Y después llegó la guerra interna. El pleito con Julio Scherer, la batalla por el control de ciertos expedientes, las acusaciones cruzadas de extorsiones, venganzas y “operaciones sucias” mostraron una Fiscalía atrapada en el mismo laberinto político que juró superar.

Con todo, había una cualidad que incluso sus críticos reconocen: Gertz era persistente. Y conocía el aparato penal como pocos. Tenía método, obsesión por el detalle y una idea fija de orden institucional. No siempre funcionó, no siempre fue justa ni eficiente, pero era innegable que se trataba de un hombre que llevaba décadas pensando —de verdad pensando— en el sistema penal mexicano.
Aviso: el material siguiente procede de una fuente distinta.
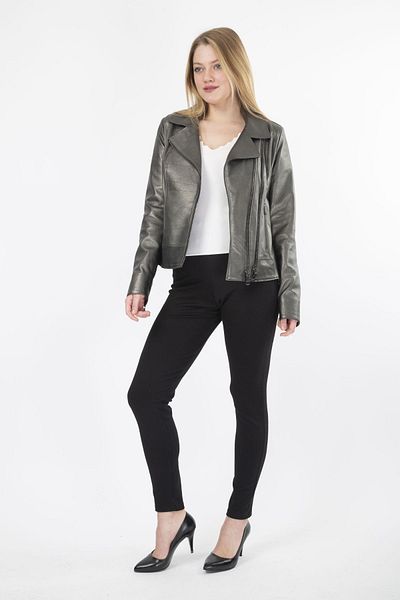 By Marki Marki Silver Colored Women's Coat - Genuine Leather, Double Breasted Collar, Zippered, Classic Design, 57 cm - 10030905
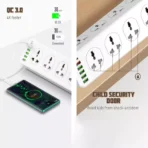 LDNIO SC10610 Power Strip 220V 10 Outlets 30W 6 USB Port QC 3.0 Universal Power Cord - Image 6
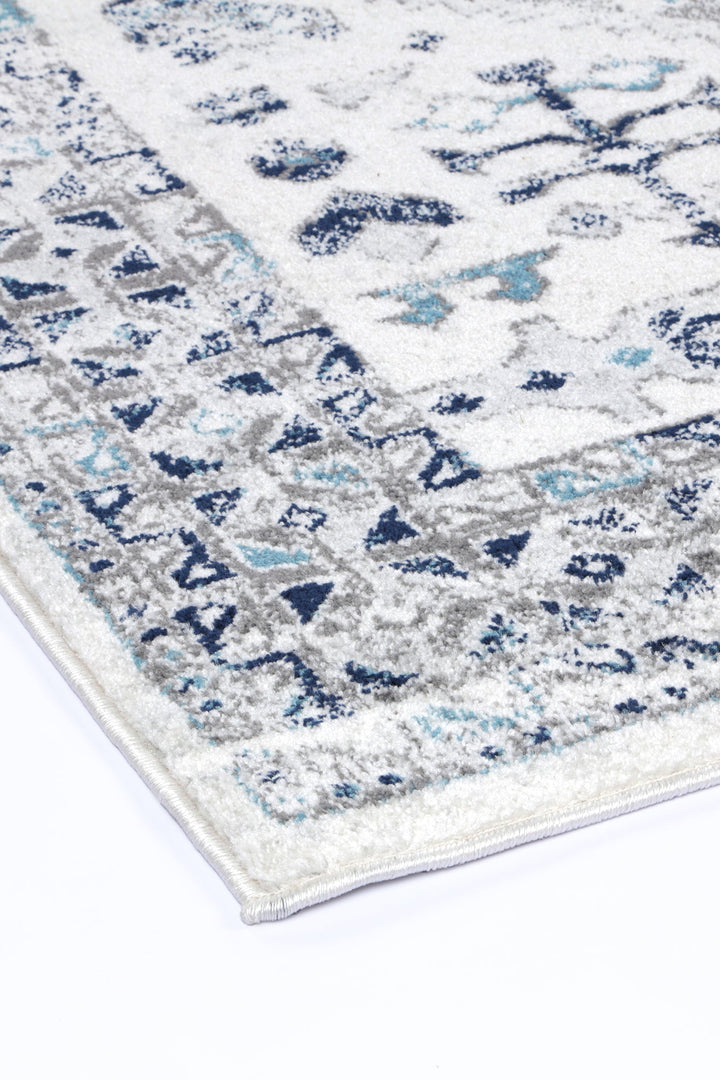 Provence Celts Cream Blue Traditional Rug - PROV14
¿Entonces por qué renunció?

Porque la política no solo se derrumba por grandes actos de corrupción o colapsos institucionales. A veces cae por la presión inesperada del lugar menos imaginado. En este caso, una corona.

Todo estalló cuando México celebraba con júbilo el triunfo de Fátima Bosch como Miss Universo. Una mexicana ganando el certamen después de tantos años era un regalo para la narrativa nacional: orgullo, identidad, representación, el país hablando de algo luminoso por primera vez en semanas. Pero justo ahí, en plena celebración, comenzaron a circular los expedientes —sellados y empolvados en la FGR— relacionados con Raúl Rocha, presidente de la franquicia Miss Universo y vinculado en investigaciones mediáticas con presuntos contratos irregulares con Pemex.

La pregunta no era si existía una investigación. La pregunta era: ¿por qué se filtró justo ahora?

La respuesta implícita fue unánime: porque la FGR había perdido control interno. Porque intereses cruzados querían lastimar a la 4T. Porque la filtración no solo embarraba a un empresario, sino también a Bosch, la nueva joya mediática del país. Porque el triunfo, tan necesario en una nación saturada de malas noticias, se convirtió en combustible político en cuestión de horas. Porque México estaba celebrando una coronación, y alguien sacó un expediente que olía a guerra interna.

Eso, en Palacio Nacional, fue dinamita.

No se podía permitir que una victoria global, limpia y emocional, se convirtiera en pleito burocrático. Mucho menos cuando la Presidencia buscaba proyectar una nueva etapa institucional y evitar conflictos con la industria cultural y de entretenimiento que ya estaba devolviendo atención internacional al país. Gertz había sobrevivido a todo: a expedientes fallidos, a presiones, a audios filtrados, a críticas internacionales. Pero tocar un símbolo recién coronado fue otra cosa. Transformó un problema jurídico en un problema político. Y en México, los problemas políticos se resuelven de una sola forma: pidiendo renuncias.

El 27 de noviembre de 2025, presentó la suya.

Salió con un extraño nombramiento diplomático y un comunicado sin dramatismos, pero cargado de silencios. Fue la despedida de un fiscal que quiso ser reformador, que terminó siendo símbolo de poder concentrado y que cayó no por un caso penal, sino por una coronación que puso demasiados reflectores sobre sus polémicas.

Y así, la corona de Fátima Bosch terminó abollando algo más que el ego de los críticos: terminó abollando, también, el trono del fiscal más poderoso del México reciente.